▶ **EXERCISE**
Your answer should consist only of the lines from the line containing "LOS ANGELES, CA –" through the last line below, each repeated exactly.

▶ **EXTRACTED DATA**
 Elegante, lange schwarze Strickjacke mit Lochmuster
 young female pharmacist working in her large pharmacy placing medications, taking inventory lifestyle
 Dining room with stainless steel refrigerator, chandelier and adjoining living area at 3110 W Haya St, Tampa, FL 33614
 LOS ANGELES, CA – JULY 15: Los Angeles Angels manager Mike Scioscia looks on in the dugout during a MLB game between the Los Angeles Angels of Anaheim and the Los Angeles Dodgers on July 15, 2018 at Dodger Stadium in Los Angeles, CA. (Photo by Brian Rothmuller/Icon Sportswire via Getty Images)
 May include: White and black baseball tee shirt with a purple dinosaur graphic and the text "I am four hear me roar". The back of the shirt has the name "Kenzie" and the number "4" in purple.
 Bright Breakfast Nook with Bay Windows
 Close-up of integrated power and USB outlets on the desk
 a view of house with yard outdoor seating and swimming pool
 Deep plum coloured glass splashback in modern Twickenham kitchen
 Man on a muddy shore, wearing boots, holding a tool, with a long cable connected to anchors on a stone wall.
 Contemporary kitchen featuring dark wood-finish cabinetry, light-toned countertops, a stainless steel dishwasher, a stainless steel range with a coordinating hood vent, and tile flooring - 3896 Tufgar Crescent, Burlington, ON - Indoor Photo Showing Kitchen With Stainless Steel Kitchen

▶ **ANSWER AREA**
 LOS ANGELES, CA – JULY 15: Los Angeles Angels manager Mike Scioscia looks on in the dugout during a MLB game between the Los Angeles Angels of Anaheim and the Los Angeles Dodgers on July 15, 2018 at Dodger Stadium in Los Angeles, CA. (Photo by Brian Rothmuller/Icon Sportswire via Getty Images)
 May include: White and black baseball tee shirt with a purple dinosaur graphic and the text "I am four hear me roar". The back of the shirt has the name "Kenzie" and the number "4" in purple.
 Bright Breakfast Nook with Bay Windows
 Close-up of integrated power and USB outlets on the desk
 a view of house with yard outdoor seating and swimming pool
 Deep plum coloured glass splashback in modern Twickenham kitchen
 Man on a muddy shore, wearing boots, holding a tool, with a long cable connected to anchors on a stone wall.
 Contemporary kitchen featuring dark wood-finish cabinetry, light-toned countertops, a stainless steel dishwasher, a stainless steel range with a coordinating hood vent, and tile flooring - 3896 Tufgar Crescent, Burlington, ON - Indoor Photo Showing Kitchen With Stainless Steel Kitchen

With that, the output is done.